Correlation Between Stoke Therapeutics and Mereo BioPharma
Can any of the company-specific risk be diversified away by investing in both Stoke Therapeutics and Mereo BioPharma at the same time? Although using a correlation coefficient on its own may not help to predict future stock returns, this module helps to understand the diversifiable risk of combining Stoke Therapeutics and Mereo BioPharma into the same portfolio, which is an essential part of the fundamental portfolio management process.
By analyzing existing cross correlation between Stoke Therapeutics and Mereo BioPharma Group, you can compare the effects of market volatilities on Stoke Therapeutics and Mereo BioPharma and check how they will diversify away market risk if combined in the same portfolio for a given time horizon. You can also utilize pair trading strategies of matching a long position in Stoke Therapeutics with a short position of Mereo BioPharma. Check out your portfolio center. Please also check ongoing floating volatility patterns of Stoke Therapeutics and Mereo BioPharma.
Diversification Opportunities for Stoke Therapeutics and Mereo BioPharma
0.69 | Correlation Coefficient |
Poor diversification
The 3 months correlation between Stoke and Mereo is 0.69. Overlapping area represents the amount of risk that can be diversified away by holding Stoke Therapeutics and Mereo BioPharma Group in the same portfolio, assuming nothing else is changed. The correlation between historical prices or returns on Mereo BioPharma Group and Stoke Therapeutics is a relative statistical measure of the degree to which these equity instruments tend to move together. The correlation coefficient measures the extent to which returns on Stoke Therapeutics are associated (or correlated) with Mereo BioPharma. Values of the correlation coefficient range from -1 to +1, where. The correlation of zero (0) is possible when the price movement of Mereo BioPharma Group has no effect on the direction of Stoke Therapeutics i.e., Stoke Therapeutics and Mereo BioPharma go up and down completely randomly.

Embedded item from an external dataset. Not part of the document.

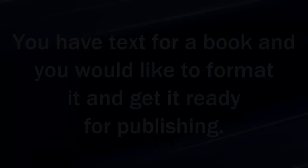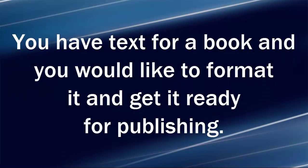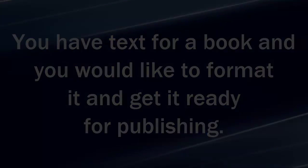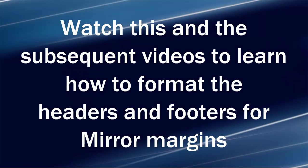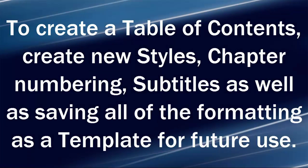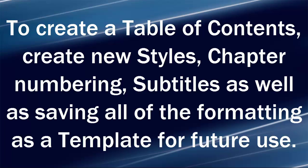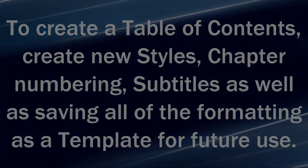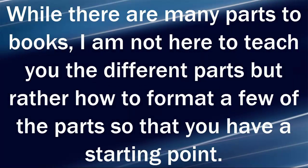Here's the scenario. You have text for a book and you would like to format it and get it ready for publishing. Watch this and the subsequent videos to learn how to format the headers and footers for mirror margins, to create a table of contents, create new styles, chapter numbering, subtitles, as well as saving all of the formatting as a template for future use.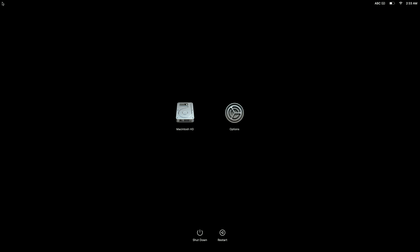When the startup option screen loads, by placing our mouse pointer over the Macintosh HD icon and then holding down the shift key on our keyboard, the button under the Macintosh HD icon will change to display the message Continue in Safe Mode.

Pair Corralation between Stoke Therapeutics and Mereo BioPharma
Given the investment horizon of 90 days Stoke Therapeutics is expected to generate 1.08 times more return on investment than Mereo BioPharma. However, Stoke Therapeutics is 1.08 times more volatile than Mereo BioPharma Group. It trades about -0.05 of its potential returns per unit of risk. Mereo BioPharma Group is currently generating about -0.08 per unit of risk. If you would invest 1,503 in Stoke Therapeutics on November 2, 2024 and sell it today you would lose (404.00) from holding Stoke Therapeutics or give up 26.88% of portfolio value over 90 days.
Time Period | 3 Months [change] |
Direction | Moves Together |
Strength | Significant |
Accuracy | 100.0% |
Values | Daily Returns |
Stoke Therapeutics vs. Mereo BioPharma Group
Performance |
Timeline |
Stoke Therapeutics |
Mereo BioPharma Group |
Stoke Therapeutics and Mereo BioPharma Volatility Contrast
Predicted Return Density |
Returns |
Pair Trading with Stoke Therapeutics and Mereo BioPharma
The main advantage of trading using opposite Stoke Therapeutics and Mereo BioPharma positions is that it hedges away some unsystematic risk. Because of two separate transactions, even if Stoke Therapeutics position performs unexpectedly, Mereo BioPharma can make up some of the losses. Pair trading also minimizes risk from directional movements in the market. For example, if an entire industry or sector drops because of unexpected headlines, the short position in Mereo BioPharma will offset losses from the drop in Mereo BioPharma's long position.Stoke Therapeutics vs. Surrozen | Stoke Therapeutics vs. Armata Pharmaceuticals | Stoke Therapeutics vs. Pasithea Therapeutics Corp | Stoke Therapeutics vs. Aditxt Inc |
Mereo BioPharma vs. Terns Pharmaceuticals | Mereo BioPharma vs. PDS Biotechnology Corp | Mereo BioPharma vs. Inozyme Pharma | Mereo BioPharma vs. Hookipa Pharma |
Check out your portfolio center.Note that this page's information should be used as a complementary analysis to find the right mix of equity instruments to add to your existing portfolios or create a brand new portfolio. You can also try the Balance Of Power module to check stock momentum by analyzing Balance Of Power indicator and other technical ratios.